## YOUR INSTRUCTIONS
Your task is to repeat exactly the lines below between the line holding "Comfort Condo, 2" and the line holding "Plus Hook And Eye Knitted Waistcoat lemon", inclusive, and only those.

## ENTRIES PROVIDED
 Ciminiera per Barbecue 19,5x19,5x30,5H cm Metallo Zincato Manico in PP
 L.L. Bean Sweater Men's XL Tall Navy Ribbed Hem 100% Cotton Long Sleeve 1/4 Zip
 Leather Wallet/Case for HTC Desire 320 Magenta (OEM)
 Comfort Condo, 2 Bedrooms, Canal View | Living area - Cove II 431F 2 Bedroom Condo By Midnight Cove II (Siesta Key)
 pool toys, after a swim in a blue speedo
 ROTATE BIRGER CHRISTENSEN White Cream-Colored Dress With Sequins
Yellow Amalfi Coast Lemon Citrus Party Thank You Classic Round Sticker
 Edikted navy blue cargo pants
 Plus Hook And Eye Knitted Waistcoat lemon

* * *

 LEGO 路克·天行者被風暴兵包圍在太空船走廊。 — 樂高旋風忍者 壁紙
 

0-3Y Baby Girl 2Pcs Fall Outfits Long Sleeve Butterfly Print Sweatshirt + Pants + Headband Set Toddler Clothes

...

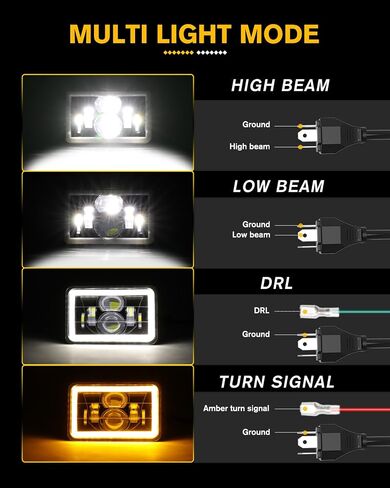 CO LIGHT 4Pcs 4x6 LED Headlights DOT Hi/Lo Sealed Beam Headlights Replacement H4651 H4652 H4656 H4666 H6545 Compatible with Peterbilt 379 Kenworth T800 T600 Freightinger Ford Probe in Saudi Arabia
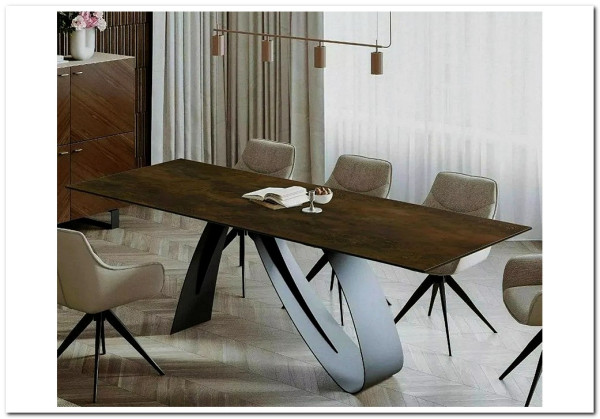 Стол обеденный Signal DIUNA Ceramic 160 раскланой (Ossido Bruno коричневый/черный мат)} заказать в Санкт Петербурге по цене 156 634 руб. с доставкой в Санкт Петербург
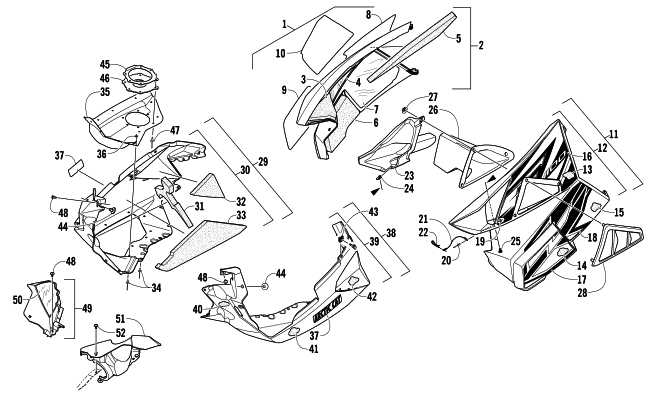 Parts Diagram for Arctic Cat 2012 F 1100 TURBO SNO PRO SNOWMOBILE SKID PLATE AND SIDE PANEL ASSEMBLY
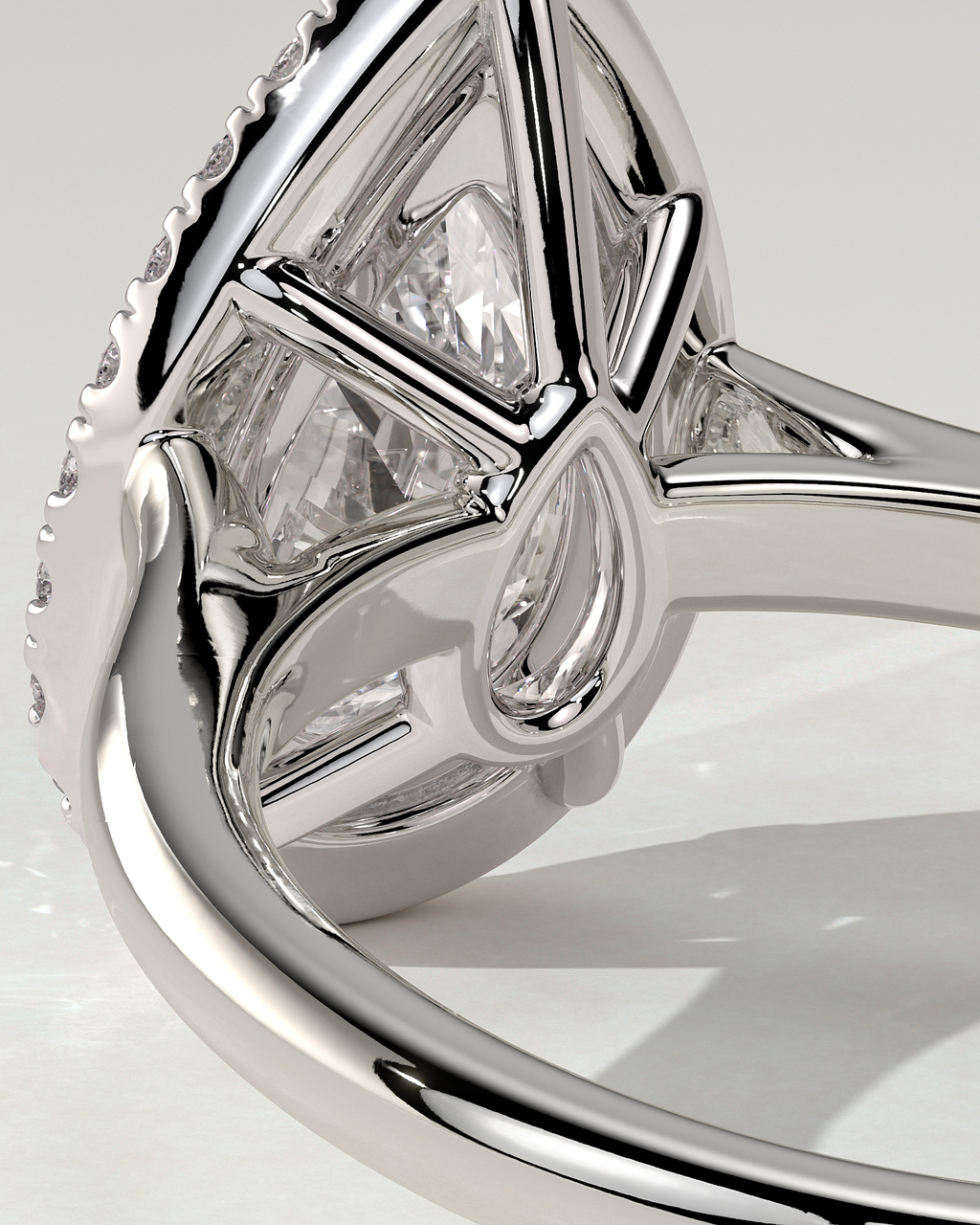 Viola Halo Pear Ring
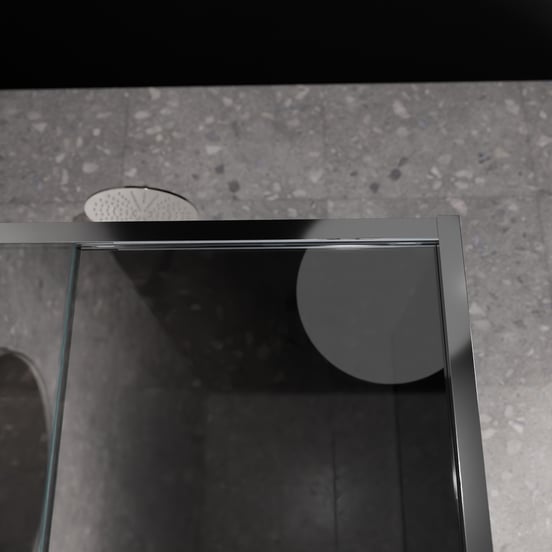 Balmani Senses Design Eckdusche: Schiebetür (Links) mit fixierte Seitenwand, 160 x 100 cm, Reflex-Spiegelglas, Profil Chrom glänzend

## PROBLEM SOLUTION
 Comfort Condo, 2 Bedrooms, Canal View | Living area - Cove II 431F 2 Bedroom Condo By Midnight Cove II (Siesta Key)
 pool toys, after a swim in a blue speedo
 ROTATE BIRGER CHRISTENSEN White Cream-Colored Dress With Sequins
Yellow Amalfi Coast Lemon Citrus Party Thank You Classic Round Sticker
 Edikted navy blue cargo pants
 Plus Hook And Eye Knitted Waistcoat lemon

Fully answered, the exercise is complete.